Monday, June 25, 2012

IT guy calls social media “magic” to explain it to dumb charity colleagues

Dumbs down social media


Wes Snidely, the IT coordinator at the Metro Community Foundation, says he is meeting with great success calling social media “Magic” instead of a group of web-based and mobile-based technologies which are used to turn communication into interactive dialogue among organizations, communities, and individuals.

Snidely, 22, is the only IT person at the Foundation, which raises money to help a wide variety of community initiatives. He provides computer and database services and looks after the Foundation’s out-of-date website. Since he was hired last year all his colleagues have been asking him about is social media.

“They all want to know about it – the CEO, the fundraising manager and even the communications manager. They’re like all in the 50s and don’t know jack about it,” Snidely said. “They think I do because like I’m way younger than they are.”

But Snidely says he was unsuccessful trying to educate his colleagues about the 300-odd social media platforms and how to use them.

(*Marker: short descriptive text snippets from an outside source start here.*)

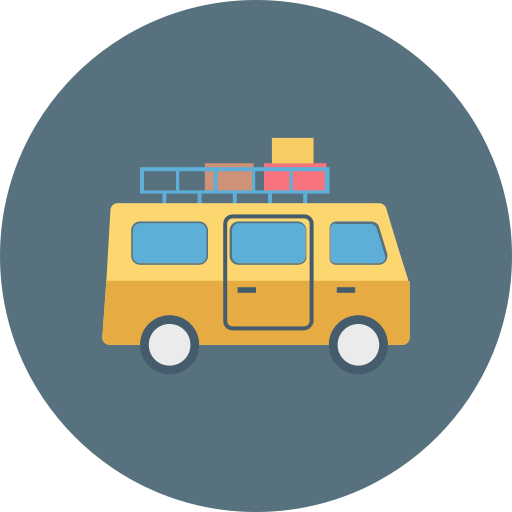 Bus Generic color fill icon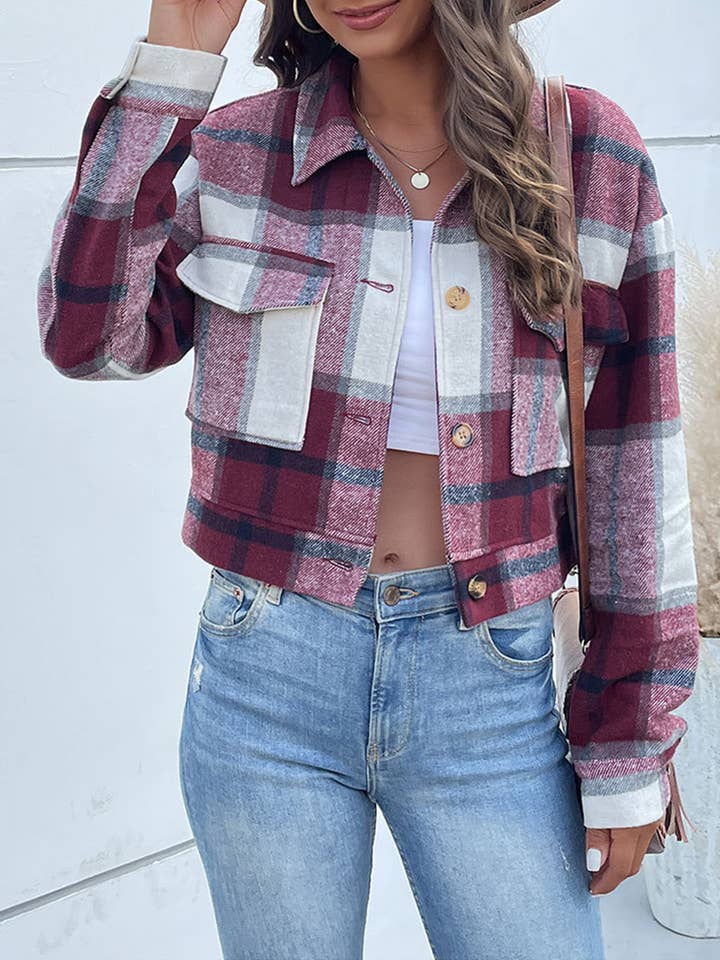 Short Plaid Lapel Jacket for wholesale by Wholesalesir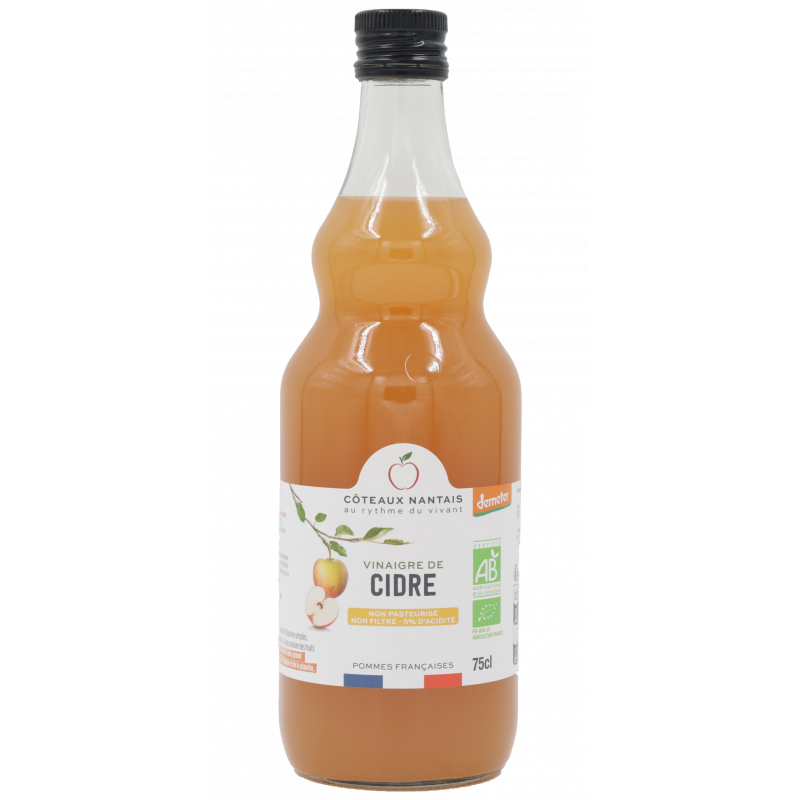 Vinaigre de cidre non filtré Demeter 75cl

“Like, I told them that social media technologies take on many different forms including magazines, Internet forums, weblogs, social blogs, microblogging, wikis, podcasts, photographs or pictures, video, rating and social bookmarking,” recalls Snidely. “Then I told them that there are six different types of social media, including collaborative projects, blogs and microblogs like Twitter, content communities like YouTube, social networking sites such as Facebook,  virtual game worlds like the way cool  World of Warcraft, and virtual social worlds like that funky Second Life stuff. Man that is hot! Always makes my netbook crash, though.”

However, his explanation, which included a really cool multimedia presentation that he worked on for four days straight, was completely lost on his audience.

“They asked me to repeat what I said again, but slower. Then the communications manager thanked me for explaining it to them, pulled out a mickey of whiskey and started drinking right then and there. They just didn’t get it. Man, it was bad. Way bad.”

That’s when Snidely got the idea to dumb down the whole thing into language that even the CEO could understand.

“These guys were like so dumb they reminded me of characters I saw in Disney movies when I was a kid. And that’s when it hit me, man. That’s how I could explain it!”

Snidely called the same group of colleagues back together and told them that everything he had told them before was a lie, and that all social media was in fact “magic”. That was much more successful.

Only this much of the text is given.